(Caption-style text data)
::::

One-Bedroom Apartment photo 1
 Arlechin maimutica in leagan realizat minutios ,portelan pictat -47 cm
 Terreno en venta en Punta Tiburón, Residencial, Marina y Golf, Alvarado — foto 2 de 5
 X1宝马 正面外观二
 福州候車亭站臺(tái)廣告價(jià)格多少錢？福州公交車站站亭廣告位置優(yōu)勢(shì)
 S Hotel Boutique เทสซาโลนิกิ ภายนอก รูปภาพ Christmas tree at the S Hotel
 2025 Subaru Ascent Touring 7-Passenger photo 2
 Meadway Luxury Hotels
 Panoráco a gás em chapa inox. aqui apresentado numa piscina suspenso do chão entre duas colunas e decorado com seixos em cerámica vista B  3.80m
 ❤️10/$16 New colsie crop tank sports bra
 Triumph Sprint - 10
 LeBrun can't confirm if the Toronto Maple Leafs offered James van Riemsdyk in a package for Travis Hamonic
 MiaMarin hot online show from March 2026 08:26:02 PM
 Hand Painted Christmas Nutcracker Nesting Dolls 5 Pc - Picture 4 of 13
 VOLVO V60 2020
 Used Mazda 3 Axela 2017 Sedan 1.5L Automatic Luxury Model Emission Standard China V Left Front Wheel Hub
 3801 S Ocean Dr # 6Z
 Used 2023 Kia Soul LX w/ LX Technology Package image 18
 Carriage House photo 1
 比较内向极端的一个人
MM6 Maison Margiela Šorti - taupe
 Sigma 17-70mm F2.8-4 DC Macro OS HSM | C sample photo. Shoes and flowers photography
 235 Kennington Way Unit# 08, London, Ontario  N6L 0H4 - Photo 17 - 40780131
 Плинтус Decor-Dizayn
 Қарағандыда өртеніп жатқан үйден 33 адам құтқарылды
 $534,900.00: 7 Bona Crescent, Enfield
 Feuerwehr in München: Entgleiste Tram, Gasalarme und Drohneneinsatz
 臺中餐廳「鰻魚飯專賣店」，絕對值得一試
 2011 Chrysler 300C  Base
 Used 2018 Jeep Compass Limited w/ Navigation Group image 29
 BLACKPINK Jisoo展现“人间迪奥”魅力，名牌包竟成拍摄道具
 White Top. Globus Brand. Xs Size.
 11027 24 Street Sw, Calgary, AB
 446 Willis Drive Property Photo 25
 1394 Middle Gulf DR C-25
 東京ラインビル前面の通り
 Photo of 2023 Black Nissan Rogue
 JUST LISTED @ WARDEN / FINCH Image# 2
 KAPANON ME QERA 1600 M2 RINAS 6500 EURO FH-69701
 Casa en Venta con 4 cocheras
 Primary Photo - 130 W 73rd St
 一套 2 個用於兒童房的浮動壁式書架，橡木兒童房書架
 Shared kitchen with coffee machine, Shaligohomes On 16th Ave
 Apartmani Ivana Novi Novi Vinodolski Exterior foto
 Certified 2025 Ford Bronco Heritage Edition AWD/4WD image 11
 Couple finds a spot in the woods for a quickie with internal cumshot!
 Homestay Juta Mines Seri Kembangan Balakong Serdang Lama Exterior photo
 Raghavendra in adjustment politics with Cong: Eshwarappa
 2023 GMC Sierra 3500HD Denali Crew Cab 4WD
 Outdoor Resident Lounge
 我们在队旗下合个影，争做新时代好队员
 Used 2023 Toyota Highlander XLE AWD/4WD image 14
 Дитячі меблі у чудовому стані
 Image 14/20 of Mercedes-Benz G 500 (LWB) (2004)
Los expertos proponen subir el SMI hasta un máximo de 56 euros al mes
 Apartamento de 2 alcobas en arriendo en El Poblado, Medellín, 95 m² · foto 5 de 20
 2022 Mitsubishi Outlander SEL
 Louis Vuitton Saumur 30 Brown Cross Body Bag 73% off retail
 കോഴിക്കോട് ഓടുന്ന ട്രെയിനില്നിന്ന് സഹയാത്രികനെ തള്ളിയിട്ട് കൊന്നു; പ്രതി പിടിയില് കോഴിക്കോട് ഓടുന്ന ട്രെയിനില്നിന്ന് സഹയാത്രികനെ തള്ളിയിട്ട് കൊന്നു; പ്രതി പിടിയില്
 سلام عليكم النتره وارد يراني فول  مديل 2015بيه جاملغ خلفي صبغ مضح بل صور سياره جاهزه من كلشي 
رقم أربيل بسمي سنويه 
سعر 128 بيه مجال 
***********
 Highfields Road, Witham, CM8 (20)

::::

■ ABOUT THIS TASK:
Set down every entry again, word for word.

■ EXPECTED ANSWER:
One-Bedroom Apartment photo 1
 Arlechin maimutica in leagan realizat minutios ,portelan pictat -47 cm
 Terreno en venta en Punta Tiburón, Residencial, Marina y Golf, Alvarado — foto 2 de 5
 X1宝马 正面外观二
 福州候車亭站臺(tái)廣告價(jià)格多少錢？福州公交車站站亭廣告位置優(yōu)勢(shì)
 S Hotel Boutique เทสซาโลนิกิ ภายนอก รูปภาพ Christmas tree at the S Hotel
 2025 Subaru Ascent Touring 7-Passenger photo 2
 Meadway Luxury Hotels
 Panoráco a gás em chapa inox. aqui apresentado numa piscina suspenso do chão entre duas colunas e decorado com seixos em cerámica vista B  3.80m
 ❤️10/$16 New colsie crop tank sports bra
 Triumph Sprint - 10
 LeBrun can't confirm if the Toronto Maple Leafs offered James van Riemsdyk in a package for Travis Hamonic
 MiaMarin hot online show from March 2026 08:26:02 PM
 Hand Painted Christmas Nutcracker Nesting Dolls 5 Pc - Picture 4 of 13
 VOLVO V60 2020
 Used Mazda 3 Axela 2017 Sedan 1.5L Automatic Luxury Model Emission Standard China V Left Front Wheel Hub
 3801 S Ocean Dr # 6Z
 Used 2023 Kia Soul LX w/ LX Technology Package image 18
 Carriage House photo 1
 比较内向极端的一个人
MM6 Maison Margiela Šorti - taupe
 Sigma 17-70mm F2.8-4 DC Macro OS HSM | C sample photo. Shoes and flowers photography
 235 Kennington Way Unit# 08, London, Ontario  N6L 0H4 - Photo 17 - 40780131
 Плинтус Decor-Dizayn
 Қарағандыда өртеніп жатқан үйден 33 адам құтқарылды
 $534,900.00: 7 Bona Crescent, Enfield
 Feuerwehr in München: Entgleiste Tram, Gasalarme und Drohneneinsatz
 臺中餐廳「鰻魚飯專賣店」，絕對值得一試
 2011 Chrysler 300C  Base
 Used 2018 Jeep Compass Limited w/ Navigation Group image 29
 BLACKPINK Jisoo展现“人间迪奥”魅力，名牌包竟成拍摄道具
 White Top. Globus Brand. Xs Size.
 11027 24 Street Sw, Calgary, AB
 446 Willis Drive Property Photo 25
 1394 Middle Gulf DR C-25
 東京ラインビル前面の通り
 Photo of 2023 Black Nissan Rogue
 JUST LISTED @ WARDEN / FINCH Image# 2
 KAPANON ME QERA 1600 M2 RINAS 6500 EURO FH-69701
 Casa en Venta con 4 cocheras
 Primary Photo - 130 W 73rd St
 一套 2 個用於兒童房的浮動壁式書架，橡木兒童房書架
 Shared kitchen with coffee machine, Shaligohomes On 16th Ave
 Apartmani Ivana Novi Novi Vinodolski Exterior foto
 Certified 2025 Ford Bronco Heritage Edition AWD/4WD image 11
 Couple finds a spot in the woods for a quickie with internal cumshot!
 Homestay Juta Mines Seri Kembangan Balakong Serdang Lama Exterior photo
 Raghavendra in adjustment politics with Cong: Eshwarappa
 2023 GMC Sierra 3500HD Denali Crew Cab 4WD
 Outdoor Resident Lounge
 我们在队旗下合个影，争做新时代好队员
 Used 2023 Toyota Highlander XLE AWD/4WD image 14
 Дитячі меблі у чудовому стані
 Image 14/20 of Mercedes-Benz G 500 (LWB) (2004)
Los expertos proponen subir el SMI hasta un máximo de 56 euros al mes
 Apartamento de 2 alcobas en arriendo en El Poblado, Medellín, 95 m² · foto 5 de 20
 2022 Mitsubishi Outlander SEL
 Louis Vuitton Saumur 30 Brown Cross Body Bag 73% off retail
 കോഴിക്കോട് ഓടുന്ന ട്രെയിനില്നിന്ന് സഹയാത്രികനെ തള്ളിയിട്ട് കൊന്നു; പ്രതി പിടിയില് കോഴിക്കോട് ഓടുന്ന ട്രെയിനില്നിന്ന് സഹയാത്രികനെ തള്ളിയിട്ട് കൊന്നു; പ്രതി പിടിയില്
 سلام عليكم النتره وارد يراني فول  مديل 2015بيه جاملغ خلفي صبغ مضح بل صور سياره جاهزه من كلشي 
رقم أربيل بسمي سنويه 
سعر 128 بيه مجال 
***********
 Highfields Road, Witham, CM8 (20)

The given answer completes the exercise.